US Treasury Bonds Held By Foreigners And A Look At The Stock Market
What a world we live in. The Ph.Ds. managing our financial markets have apparently discovered a means to bypass the law of supply and demand. Since January the Federal Reserve has tapered tens of billions of dollars from their monthly QE purchases and in response to this loss of demand, yields in the US Treasury market have dropped 50 basis points. Apparently this is what they want anyone who has noticed this anomaly to believe. It’s possible the decline in yields is a result of dumb foreigners taking up the Fed’s QE slack for lack of better investment opportunities elsewhere, but more likely the Federal Reserve, with its ethically-challenged banking system and their hedge-fund minions, are purchasing US T-bonds overseas using alias accounts.
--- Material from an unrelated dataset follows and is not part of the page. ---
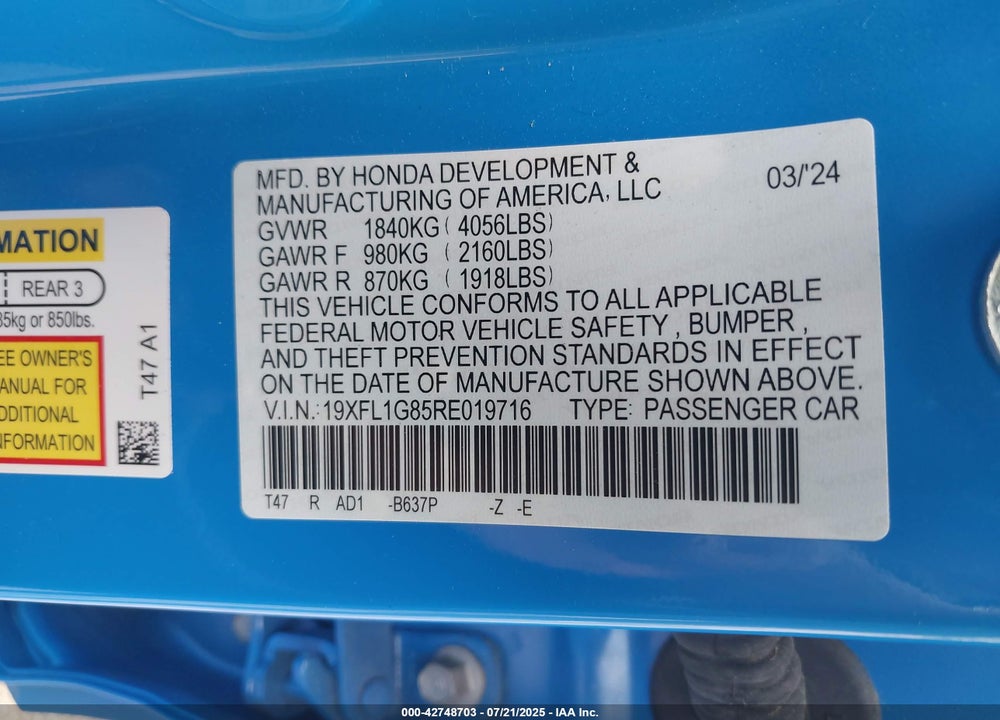 2024 HONDA CIVIC SPORT TOURING VIN: 19XFL1G85RE019716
Below is a chart plotting the data from the US Treasury showing total foreign holdings of US Treasury debt. Sorry for the gap in the plot. The Treasury only provides data for the past thirteen months; unfortunately in 2013 I updated the data sixteen months after my last update – hence the gap. Still the chart tells the story; since March 2008 the world has purchased an additional $3.3 trillion in US Treasury debt as of March 2014, the most recent data available. And from what I can tell from note #1 of the website below, these purchases are * NOT * by foreign central banks but private money.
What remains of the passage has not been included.